The AVERAGE function returns the arithmetic mean of the arguments.
The MODE.SNGL function returns the most common number. If all of the numbers are non-repeating, error will be returned as there is no mode. If there are multiple modes, the first on the list, as is sorted, will be returned.
The MODE function is an older version of the MODE.SNGL function and behaves in the same way, while the MODE. MULT function can return multiple modes.
This is demonstrated in our next example, while both numbers 1 and 2 occur five times, MODE.SNGL function returns number 1 as mode:
Quantiles are defined as cut points dividing the list of numbers into the equal sized groups or intervals, with one fewer quantile than the number of groups created. Some of them have special names, such as median, quartiles, deciles, and percentiles. The groups created are called halves, quarters, etc.
There are multiple methods of quantile calculation and Excel is using linear interpolation between adjacent ranks, where rank x is equal to (N+1-2C)*p+C, with two variants:
- .INC formulas variant of the calculation includes both endpoints of the range (0,1), while assuming that C=1, x=(N-1)*p+1
- .EXC formulas variant of the calculation excludes both endpoints of the range (0,1) while assuming that C=0, x=(N+1)*p.

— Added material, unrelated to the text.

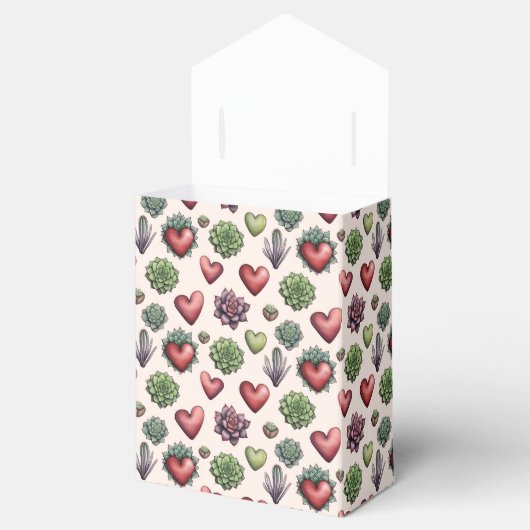 Succulent Heart Waterverf Valentijnsdag Pattern Bedankdoosjes (Geopend)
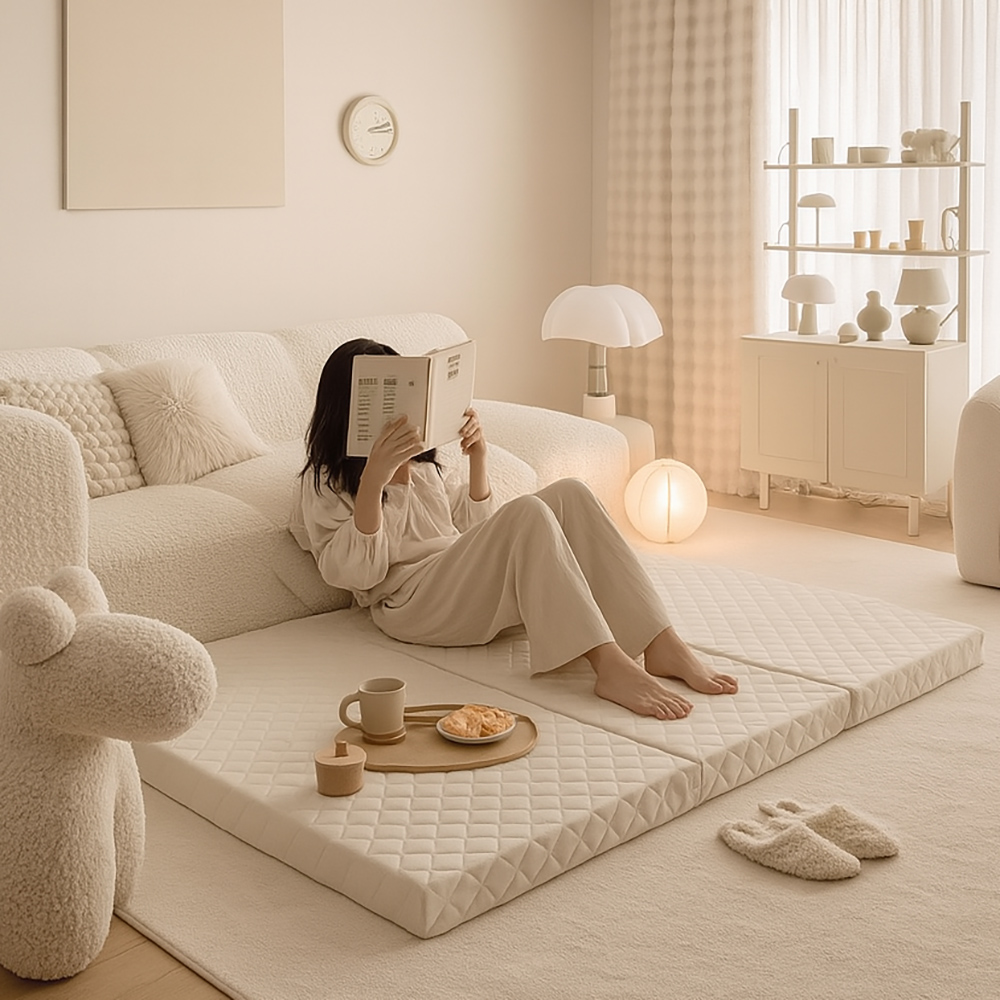 집앤콕 탄탄한 허리에좋은 토퍼매트리스 접이식 침대 바닥 3단 수면매트 MS 8cm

C represents constant, x represents rank (location of the percentile in the list of numbers), p represents target quantile and N represents number of observations.
Both variants are valid, with the first one historically being more commonly used in Excel, and the second one in various dedicated statistical applications.
Excel is not exactly consistent with functions calculating quantiles, with percentile functions serving as general purpose quantile functions.
The PERCENTILE.INC function returns the k-th quantile of values in a range, where k is in the range from 0 to 1, inclusive.
The PERCENTILE function is an older version of the PERCENTILE.INC function and behaves in the same way.
The PERCENTILE.EXC function returns the k-th quantile of values in a range, where k is in the range from 0 to 1, exclusive.
Note the naming scheme here, Excel function such as PERCENTILE functions are using “k-th” instead of “n-th”, and you will see both used interchangeably in various tutorials.
The MEDIAN function returns the median, the number in the middle of a set of numbers, with half of the numbers under the median, and half over the median.
The QUARTILE.INC function returns the of 1st, 2nd or 3rd quartile, or maximum value of values in range, inclusive.
The QUARTILE function is an older version of the QUARTILE.INC function and behaves in the same way.
The QUARTILE.EXC function returns the returns the of 1st, 2nd or 3rd quartile, exclusive.
Returns made by these functions can also be returned by PERCENTILE functions, as demonstrated in the following example:
Also note that:
- as PERCENTILE functions are basically general-purpose quantile functions, statements such as =PERCENTILE.INC(C:C;0,95674) are valid
- you can write in a % instead of a number between 0 an 1 in the PERCENTILE functions and still return the correct result
- as .EXC functions exclude both endpoints of the range (0,1), you can not return minimum and maximum with them.